YOUR OBJECTIVE:
Strip out all images, then restate the data verbatim.

THE RECORDS:
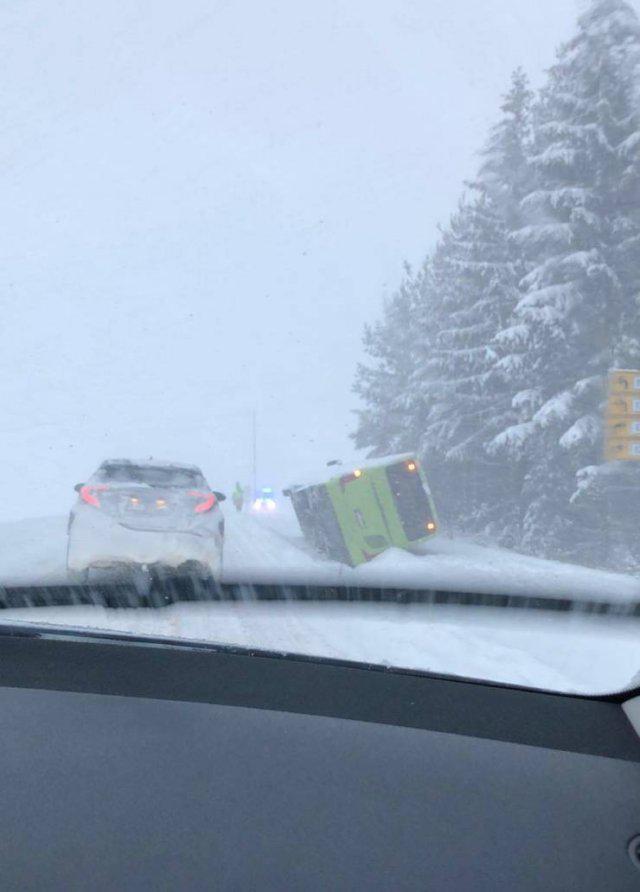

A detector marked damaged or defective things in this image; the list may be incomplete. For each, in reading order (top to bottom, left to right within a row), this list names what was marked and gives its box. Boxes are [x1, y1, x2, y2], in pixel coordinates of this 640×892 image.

overturned bus [284, 456, 438, 568]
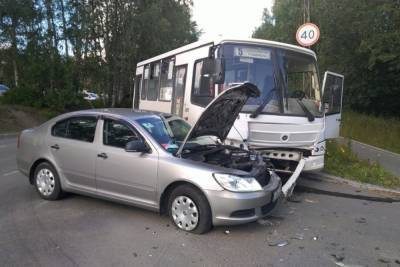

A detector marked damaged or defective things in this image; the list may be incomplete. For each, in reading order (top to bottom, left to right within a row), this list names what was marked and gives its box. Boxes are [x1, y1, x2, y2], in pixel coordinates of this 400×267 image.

damaged front bumper [206, 172, 282, 226]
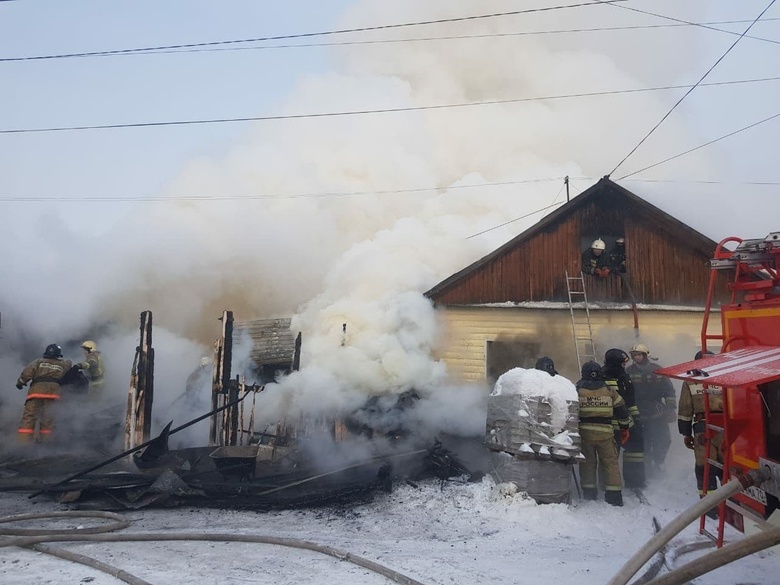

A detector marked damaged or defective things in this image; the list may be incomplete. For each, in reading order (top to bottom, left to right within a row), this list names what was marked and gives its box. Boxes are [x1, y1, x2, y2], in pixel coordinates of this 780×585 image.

charred debris [0, 310, 484, 512]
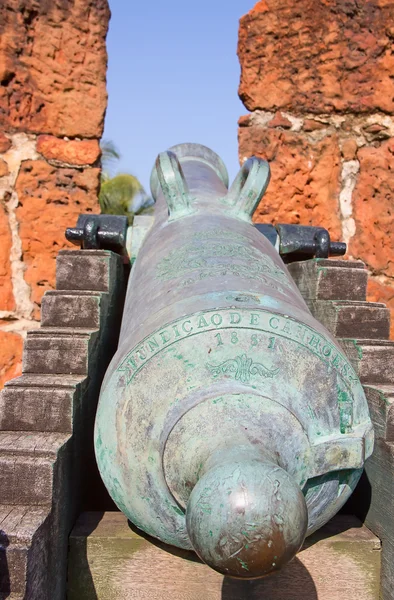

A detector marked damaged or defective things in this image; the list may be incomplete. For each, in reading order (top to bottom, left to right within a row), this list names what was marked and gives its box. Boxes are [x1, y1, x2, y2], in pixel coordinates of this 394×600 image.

corroded metal surface [94, 143, 372, 580]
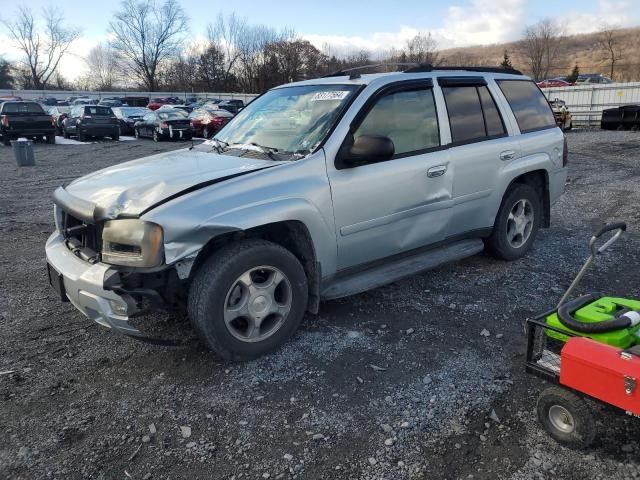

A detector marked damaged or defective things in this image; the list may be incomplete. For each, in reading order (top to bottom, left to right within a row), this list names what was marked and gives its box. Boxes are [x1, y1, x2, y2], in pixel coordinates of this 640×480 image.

crumpled hood [65, 149, 282, 218]
exposed headlight [101, 219, 164, 268]
damaged front bumper [46, 233, 179, 344]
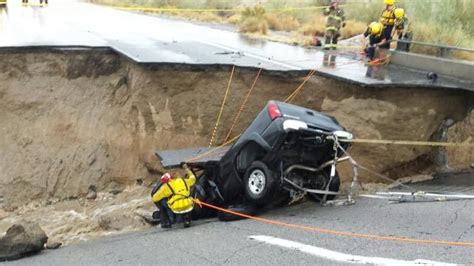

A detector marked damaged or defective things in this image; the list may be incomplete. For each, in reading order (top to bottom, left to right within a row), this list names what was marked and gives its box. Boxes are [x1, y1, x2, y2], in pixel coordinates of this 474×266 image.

overturned pickup truck [157, 101, 354, 219]
crushed vehicle [157, 100, 354, 220]
broken concrete [0, 223, 48, 260]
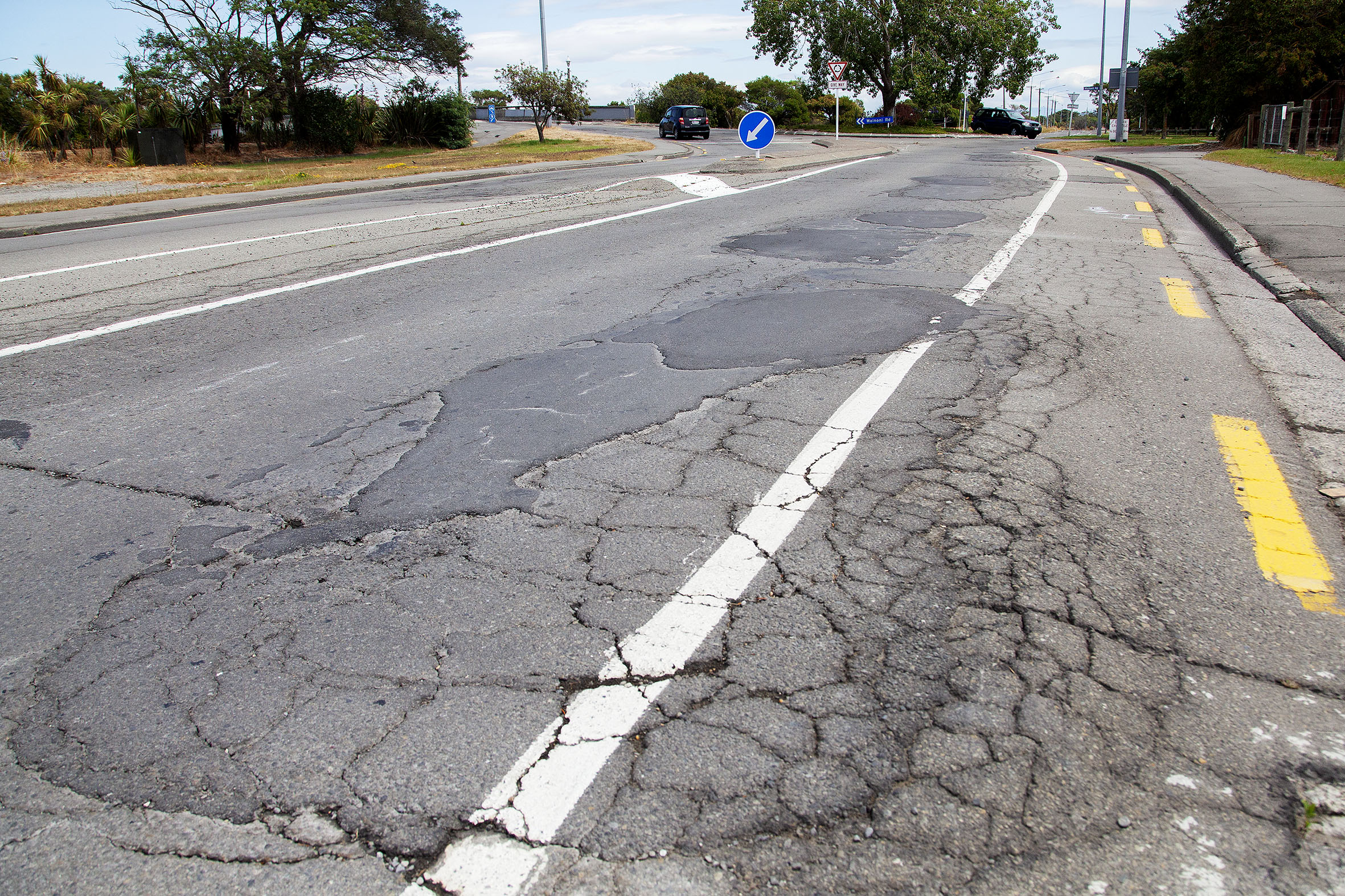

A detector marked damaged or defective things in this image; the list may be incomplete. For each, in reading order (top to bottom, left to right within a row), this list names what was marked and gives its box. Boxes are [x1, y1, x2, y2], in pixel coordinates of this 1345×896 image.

dark asphalt repair patch [855, 209, 984, 227]
dark asphalt repair patch [721, 224, 930, 264]
dark asphalt repair patch [247, 287, 974, 551]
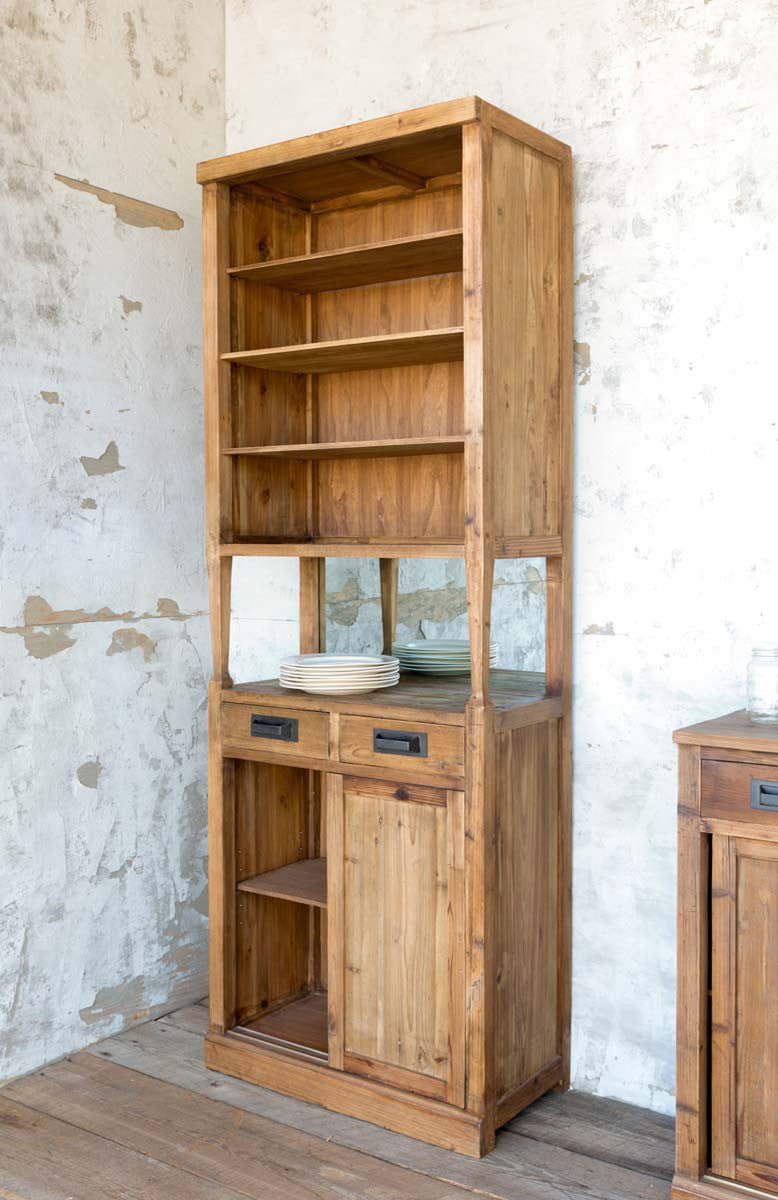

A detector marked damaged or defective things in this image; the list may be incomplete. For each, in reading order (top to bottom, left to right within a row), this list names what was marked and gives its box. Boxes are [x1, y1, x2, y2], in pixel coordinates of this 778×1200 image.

chipped paint patch [54, 174, 184, 231]
chipped paint patch [118, 296, 142, 316]
chipped paint patch [79, 444, 123, 475]
peeling plaster wall [0, 0, 224, 1084]
peeling plaster wall [228, 2, 778, 1113]
chipped paint patch [106, 624, 154, 662]
chipped paint patch [77, 758, 102, 787]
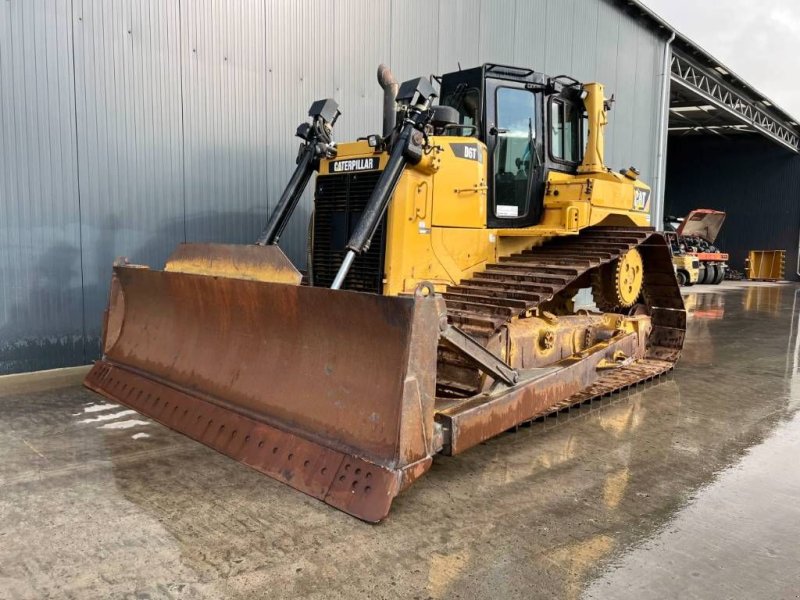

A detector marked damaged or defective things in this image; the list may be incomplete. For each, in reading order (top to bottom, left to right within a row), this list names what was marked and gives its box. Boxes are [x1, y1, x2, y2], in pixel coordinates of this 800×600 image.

rusty blade [164, 243, 302, 284]
rusty blade [87, 264, 444, 524]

RESPONSE:
A detector marked damaged or defective things in this image; the list may be incomplete. For each, in reading order (top to bottom, left to right within a row), this list names what was marked and gives its box. Boxes are [x1, y1, x2, y2], in pixel coordinates of this 640×892 image.

overturned bus [284, 456, 438, 568]

A detector marked damaged or defective things in this image; the list may be incomplete. For each, in reading order (top to bottom, left to right within a row), this list names what was marked and gives its box. Boxes are [x1, y1, x2, y2], in pixel coordinates of this 400×267 image.

damaged front bumper [206, 172, 282, 226]

A detector marked damaged or defective things in this image; the list may be incomplete. For each, in reading order (top to bottom, left to right within a row), this list names what was marked and gives its box. Boxes are [x1, y1, x2, y2], in pixel coordinates of this 780×585 image.

charred debris [0, 310, 484, 512]

A detector marked damaged or defective things in this image; the list may be incomplete. For each, in reading order (top to bottom, left to right within a row), this list names what was marked and gives its box. Boxes are [x1, y1, x2, y2], in pixel coordinates of this 394×600 image.

corroded metal surface [94, 143, 372, 580]

A detector marked damaged or defective things in this image; the list may be incomplete. For each, in reading order (top to bottom, left to right within a row), this list names what was marked and gives its box. Boxes are [x1, y1, x2, y2], in pixel coordinates of this 640×480 image.

crumpled hood [65, 149, 282, 218]
exposed headlight [101, 219, 164, 268]
damaged front bumper [46, 233, 179, 344]

A detector marked damaged or defective things in this image; the list may be incomplete. For each, in reading order (top to bottom, left to right within a row), this list names what was marked and gives its box. Boxes are [x1, y1, x2, y2], in pixel coordinates of this 474×266 image.

overturned pickup truck [157, 101, 354, 219]
crushed vehicle [157, 100, 354, 220]
broken concrete [0, 223, 48, 260]

A detector marked damaged or defective things in this image; the list may be incomplete. For each, in reading order (top to bottom, left to right within a row), this list names what was marked and gives its box. Boxes are [x1, y1, x2, y2], in pixel coordinates of this 1345×896 image.

dark asphalt repair patch [855, 209, 984, 227]
dark asphalt repair patch [721, 224, 930, 264]
dark asphalt repair patch [247, 287, 974, 551]

A detector marked damaged or defective things in this image; the list may be incomplete. For each, in reading order (top to bottom, left to right within a row), this list names what was marked and gives its box. Boxes are [x1, y1, x2, y2], in pixel coordinates of this 778×1200 image.

chipped paint patch [54, 174, 184, 231]
chipped paint patch [118, 296, 142, 316]
chipped paint patch [79, 444, 123, 475]
peeling plaster wall [0, 0, 224, 1084]
peeling plaster wall [228, 2, 778, 1113]
chipped paint patch [106, 624, 154, 662]
chipped paint patch [77, 758, 102, 787]

A detector marked damaged or defective things in this image; the list may be incomplete. For each, in reading order (top to bottom, left to right within a row), this list names what was marked and gives its box. Boxes are [x1, y1, x2, y2], in pixel coordinates of this 800×600 image.

rusty blade [164, 243, 302, 284]
rusty blade [87, 264, 444, 524]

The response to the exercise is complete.